While crystalline and glassy solids are ubiquitous in the world around us, a detailed theoretical description of solidification processes remains rather rudimentary. With this article and continued research, Gorham, a postdoctoral research fellow, and Laughlin, professor of MSE, are developing a detailed approach to crystallization that they hope can impact how we think about and use solids in everyday life.

In this project, Gorham and Laughlin looked at crystallization from new perspectives and applied concepts of topology, a field in mathematical physics concerned with the properties of materials that remain unaffected by deformations such as stretching, bending, and twisting, but not cutting or gluing. Topology is crucial in discerning the characteristics of defects in materials.

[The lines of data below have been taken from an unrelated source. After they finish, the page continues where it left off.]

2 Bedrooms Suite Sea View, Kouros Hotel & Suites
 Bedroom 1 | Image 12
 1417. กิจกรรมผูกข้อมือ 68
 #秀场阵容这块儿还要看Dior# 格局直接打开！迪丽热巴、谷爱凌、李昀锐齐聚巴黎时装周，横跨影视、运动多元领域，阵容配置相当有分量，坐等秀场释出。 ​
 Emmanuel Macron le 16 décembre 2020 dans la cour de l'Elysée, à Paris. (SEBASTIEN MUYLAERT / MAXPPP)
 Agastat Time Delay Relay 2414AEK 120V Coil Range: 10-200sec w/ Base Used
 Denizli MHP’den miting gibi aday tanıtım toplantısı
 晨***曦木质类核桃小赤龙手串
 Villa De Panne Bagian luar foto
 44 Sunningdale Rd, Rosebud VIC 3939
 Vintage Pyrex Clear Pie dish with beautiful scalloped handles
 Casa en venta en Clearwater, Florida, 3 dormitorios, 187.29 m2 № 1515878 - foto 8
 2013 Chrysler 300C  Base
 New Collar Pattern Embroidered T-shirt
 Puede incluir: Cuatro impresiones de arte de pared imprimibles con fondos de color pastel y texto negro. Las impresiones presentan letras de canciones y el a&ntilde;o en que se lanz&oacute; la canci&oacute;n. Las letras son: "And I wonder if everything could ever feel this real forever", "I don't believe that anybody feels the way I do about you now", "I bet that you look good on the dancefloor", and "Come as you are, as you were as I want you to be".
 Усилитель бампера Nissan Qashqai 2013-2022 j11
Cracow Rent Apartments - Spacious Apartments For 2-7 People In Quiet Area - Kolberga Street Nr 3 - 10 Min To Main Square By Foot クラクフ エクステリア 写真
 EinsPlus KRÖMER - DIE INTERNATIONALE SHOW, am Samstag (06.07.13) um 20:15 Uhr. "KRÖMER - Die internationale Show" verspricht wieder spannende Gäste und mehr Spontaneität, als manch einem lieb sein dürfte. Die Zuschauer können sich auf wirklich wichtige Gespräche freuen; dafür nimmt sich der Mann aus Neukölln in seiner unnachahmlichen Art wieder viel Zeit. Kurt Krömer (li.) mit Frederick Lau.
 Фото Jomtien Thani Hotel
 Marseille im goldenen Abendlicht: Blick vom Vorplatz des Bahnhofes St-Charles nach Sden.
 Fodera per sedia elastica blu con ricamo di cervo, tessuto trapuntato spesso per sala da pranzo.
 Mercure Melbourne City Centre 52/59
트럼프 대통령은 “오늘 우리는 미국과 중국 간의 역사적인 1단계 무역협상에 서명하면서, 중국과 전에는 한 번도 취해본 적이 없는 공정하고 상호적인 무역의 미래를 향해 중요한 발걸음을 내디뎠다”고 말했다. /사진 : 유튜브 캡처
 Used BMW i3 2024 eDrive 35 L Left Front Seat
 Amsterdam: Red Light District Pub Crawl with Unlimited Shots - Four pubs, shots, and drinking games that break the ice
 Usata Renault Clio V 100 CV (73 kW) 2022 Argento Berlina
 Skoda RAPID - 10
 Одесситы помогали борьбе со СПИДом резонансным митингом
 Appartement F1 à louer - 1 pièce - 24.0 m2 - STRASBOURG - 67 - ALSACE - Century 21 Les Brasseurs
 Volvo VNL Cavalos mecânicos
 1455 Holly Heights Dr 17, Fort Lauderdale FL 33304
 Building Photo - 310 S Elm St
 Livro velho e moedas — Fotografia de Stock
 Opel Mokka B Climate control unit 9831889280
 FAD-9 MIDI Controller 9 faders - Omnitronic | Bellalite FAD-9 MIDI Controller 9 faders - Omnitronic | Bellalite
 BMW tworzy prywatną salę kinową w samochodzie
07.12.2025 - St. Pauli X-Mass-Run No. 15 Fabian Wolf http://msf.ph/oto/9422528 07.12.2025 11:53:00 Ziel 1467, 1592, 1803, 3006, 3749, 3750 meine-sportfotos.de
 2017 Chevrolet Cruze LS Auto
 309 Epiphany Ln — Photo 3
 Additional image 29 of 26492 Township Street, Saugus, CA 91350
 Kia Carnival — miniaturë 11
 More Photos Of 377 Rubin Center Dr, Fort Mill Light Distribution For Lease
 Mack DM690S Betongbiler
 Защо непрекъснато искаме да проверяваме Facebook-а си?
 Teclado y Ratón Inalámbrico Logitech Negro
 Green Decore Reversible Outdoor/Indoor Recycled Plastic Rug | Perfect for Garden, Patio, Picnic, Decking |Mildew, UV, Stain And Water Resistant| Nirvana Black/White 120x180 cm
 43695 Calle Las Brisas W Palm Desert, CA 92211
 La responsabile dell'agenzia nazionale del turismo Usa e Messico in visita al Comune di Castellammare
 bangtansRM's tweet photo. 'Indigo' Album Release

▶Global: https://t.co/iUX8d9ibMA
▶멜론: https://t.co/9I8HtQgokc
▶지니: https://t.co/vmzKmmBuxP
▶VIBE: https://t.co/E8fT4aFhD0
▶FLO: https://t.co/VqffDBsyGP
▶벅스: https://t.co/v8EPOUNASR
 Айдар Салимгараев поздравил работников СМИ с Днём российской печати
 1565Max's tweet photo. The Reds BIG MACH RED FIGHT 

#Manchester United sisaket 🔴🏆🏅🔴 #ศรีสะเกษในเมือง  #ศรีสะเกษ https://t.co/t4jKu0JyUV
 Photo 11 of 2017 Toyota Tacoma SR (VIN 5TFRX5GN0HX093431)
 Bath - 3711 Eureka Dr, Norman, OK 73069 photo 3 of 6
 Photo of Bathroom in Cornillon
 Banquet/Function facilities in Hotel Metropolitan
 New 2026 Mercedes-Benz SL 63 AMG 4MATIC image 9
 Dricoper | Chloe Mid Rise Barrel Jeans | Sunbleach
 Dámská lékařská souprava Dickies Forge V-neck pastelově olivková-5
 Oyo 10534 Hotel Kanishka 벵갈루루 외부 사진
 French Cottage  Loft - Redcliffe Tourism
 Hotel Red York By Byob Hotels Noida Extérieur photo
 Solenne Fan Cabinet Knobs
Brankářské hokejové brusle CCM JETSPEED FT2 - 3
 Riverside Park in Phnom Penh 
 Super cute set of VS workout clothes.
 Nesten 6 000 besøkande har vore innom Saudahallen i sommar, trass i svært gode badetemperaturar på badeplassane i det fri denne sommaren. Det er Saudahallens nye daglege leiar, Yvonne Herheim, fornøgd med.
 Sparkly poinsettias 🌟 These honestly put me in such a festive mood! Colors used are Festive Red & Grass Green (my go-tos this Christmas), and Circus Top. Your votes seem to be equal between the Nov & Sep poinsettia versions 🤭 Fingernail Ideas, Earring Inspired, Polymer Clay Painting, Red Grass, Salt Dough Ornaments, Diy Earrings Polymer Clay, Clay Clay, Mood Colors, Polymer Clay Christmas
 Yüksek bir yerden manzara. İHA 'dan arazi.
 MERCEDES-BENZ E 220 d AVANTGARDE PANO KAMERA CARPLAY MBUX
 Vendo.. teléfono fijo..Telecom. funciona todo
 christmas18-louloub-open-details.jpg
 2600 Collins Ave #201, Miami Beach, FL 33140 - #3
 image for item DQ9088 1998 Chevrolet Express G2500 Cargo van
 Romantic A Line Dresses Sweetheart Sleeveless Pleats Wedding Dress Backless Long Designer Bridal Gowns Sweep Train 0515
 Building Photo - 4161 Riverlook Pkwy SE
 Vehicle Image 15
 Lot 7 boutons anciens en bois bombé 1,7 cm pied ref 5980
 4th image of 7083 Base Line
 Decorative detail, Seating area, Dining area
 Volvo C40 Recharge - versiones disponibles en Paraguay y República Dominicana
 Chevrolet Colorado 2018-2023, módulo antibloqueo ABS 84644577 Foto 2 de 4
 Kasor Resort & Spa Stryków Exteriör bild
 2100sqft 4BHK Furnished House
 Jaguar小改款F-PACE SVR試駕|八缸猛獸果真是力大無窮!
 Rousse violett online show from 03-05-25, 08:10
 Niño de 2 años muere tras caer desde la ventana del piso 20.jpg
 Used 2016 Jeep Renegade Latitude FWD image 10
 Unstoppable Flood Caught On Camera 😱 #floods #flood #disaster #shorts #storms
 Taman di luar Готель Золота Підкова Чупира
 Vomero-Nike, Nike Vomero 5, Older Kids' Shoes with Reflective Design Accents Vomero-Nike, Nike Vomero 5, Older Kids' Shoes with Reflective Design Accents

The particular crystals they focused on are known as topologically close-packed structures (also known as Frank-Kasper systems), which require the presence of permanent structural topological defects in order to exist in the solid state.

The topological order of phase transitions has become a popular topic in physics and materials science since John Kosterlitz and David Thouless earned a Nobel Prize in 2016 for their description of topological superfluidity—a quantum phenomenon in which a fluid has zero viscosity and flows without losing kinetic energy. They described a novel phase transition to the superfluid state, in one- and two-dimensional systems, by considering a binding mechanism that applies to topological defects. Gorham and Laughlin have built on the Kosterlitz and Thouless description and have generalized its concepts to approach a unified description of crystallization and glass formation.

By moving to quaternions, we were able to make so many analogies with the physics of complex ordered systems in two- and one-dimensions that have provided breakthroughs in topological materials over the last half century.

Caroline Gorham, Postdoctoral research fellow, MSE

This new framework puts crystallization in four-dimensional space. In particular, they have applied a quaternion order parameter—a higher-dimensional complex number system—to describe the orientational order that develops upon crystallization and glass formation. This works because quaternions, which form a four-dimensional vector space, are useful in representing rotations in three-dimensions, which form the basis for orientational order in three-dimensional solid states.

“This is the first time that anyone has provided a full ordering field theory to the solid state by applying a quaternion order parameter,” said Gorham. “By moving to quaternions, which are four-dimensional, we were able to make so many analogies with the physics of complex ordered systems in two- and one-dimensions that have provided breakthroughs in topological materials over the last half century.”

One of the four number systems of modern algebra, quaternion numbers exist in a system with three axes over the real number line, supporting rotations of three-dimensional objects, like solid states. Think imaginary numbers, but a level more complex. Though common in fields such as computer science, aviation, and graphic design, this application of quaternions to solidification processes is novel. Like the topological ordering of superfluids in one- and two-dimensions, Gorham and Laughlin make use of topological ordering of quaternion ordered systems in three- and four-dimensions to describe crystallization.

“We’re having to reach upwards in dimensionality,” said Gorham. “It’s quite a challenge because we live in a three-dimensional universe and we’re trying to understand solid states when identified with four-dimensional quaternion numbers.”

With the transition to quaternions, they are generalizing physics to ultimately understand the different types of solid states. This particular paper on crystallization making use of a quaternion order parameter is just one part of an ongoing series of articles by Gorham and Laughlin, which can be found at Gorham’s website.